Anita Walker: Is this a growth area?  Are you seeing more and more young people maybe no longer seeing first chair in a major symphony orchestra as being a goal that is attainable, looking at other ways to use their musical training and their musical ability?  Is music therapy growing as a field?

Peggy Codding: Absolutely.  There are many opportunities for our students to work because we at Berkeley feel like they don’t leave us until their ready.  They complete their training with us and then they do a six month internship.  And then there are jobs in many places available or many of our students start their own practice.  They’re able to do that in this country or they go home, because many of our students are from other countries, and so they may go back to another country and start a program or be a part of a program there.  But also in addition to their work as music therapists, our students are good musicians.  Not all of them want to be first chair in the Boston Symphony.  There’s only one of those.  But they are excellent musicians.  So most of them play, most of them perform, and they also do clinical practice.  So they’re very well rounded because our program is very much a music centered program.
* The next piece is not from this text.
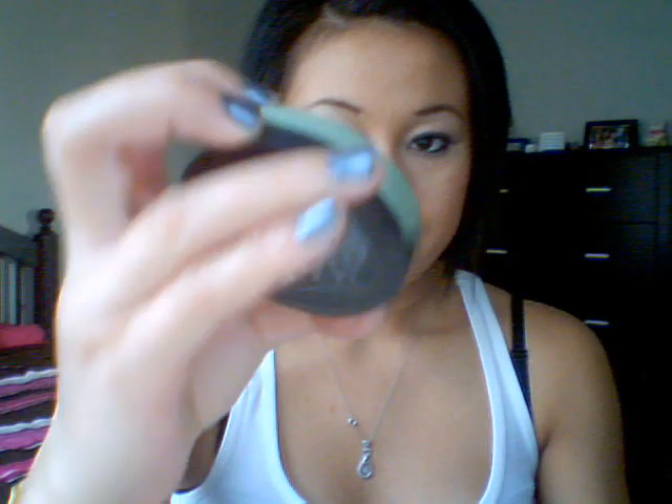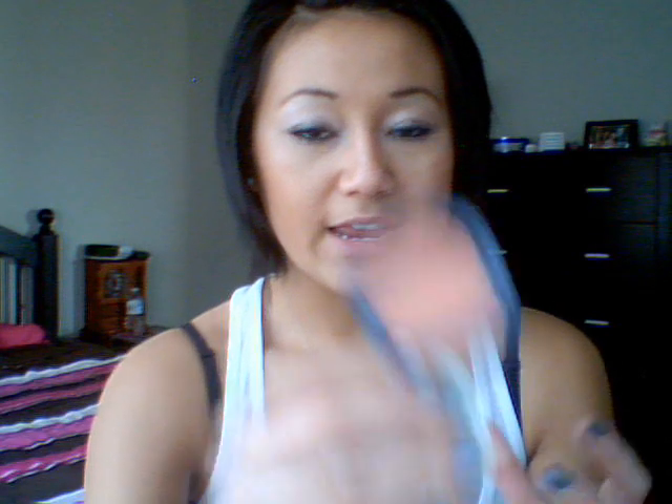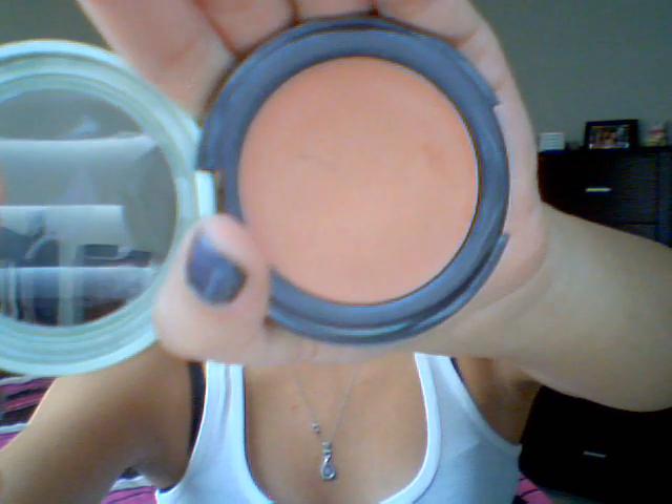This is a Sally Hansen cream blush, and if you have a Dollarama near you, you can pick these up. This is in Sunrise — all the info is on the back, you flip it open and here is the blush color. I'll swatch this too. That last one — it looks really dark on camera but it's kind of like a peachy coral color. When you put it on and blend it out, it sheers out a lot more.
Anita Walker: You talked about your work in medical settings.  Is music therapy universally embraced by the medical fields, by hospitals?  Is it recognized as an effective component of a person’s medical practice?
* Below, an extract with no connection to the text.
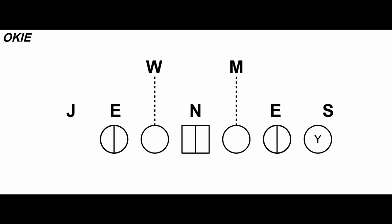The Okie front predominantly uses two-gap techniques to control six gaps with three defensive linemen. In one-gap Okie fronts, defensive coordinators can slant their linemen to create four three-looks from the Okie alignment. To create the front, there's a zero technique over the center and two linemen head up or outside shade on the tackles as four or five techniques. That helps the defense eat up gaps and keeps free hitters at the second level.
Peggy Codding: Great question.  Well, first of all, we can say that in the United States versus other countries that we are becoming pretty much..  We’re moving toward universal acceptance.  We are a part of something called integrated medicine.  We learned way back in the 80s when a study that was circulated very rapidly that 80% of Americans at that time, in the early 80s, were using some kind of, at that time we called it alternative medicine.  That you were going out to do acupuncture.  You were going out to do something.  And a lot of people weren’t talking to their physicians about that.  And so, people started going, “Hmm.”  Physicians started going, “Well, what are they doing?  What are they doing that’s nontraditional?”  And so people started looking at that and then they started looking at music.  And now got ________ at Mass General.  Others are definitely embracing the work that we do.  The neurologists are right behind us.  They’re talking about it very clearly and incorporating what we do into their own research.  Oliver Sacks before his death, we just lost him as you know, very much a proponent of what do and even his own experience spoke to that in his own life.  And so we’re very much moving in the mainstream as an integrative medicine meaning one of a number of therapies that support traditional medicine.  And so you will find us there and hopefully you will partake of us.

Anita Walker: Dr. Peggy Codding, another creative mind out loud.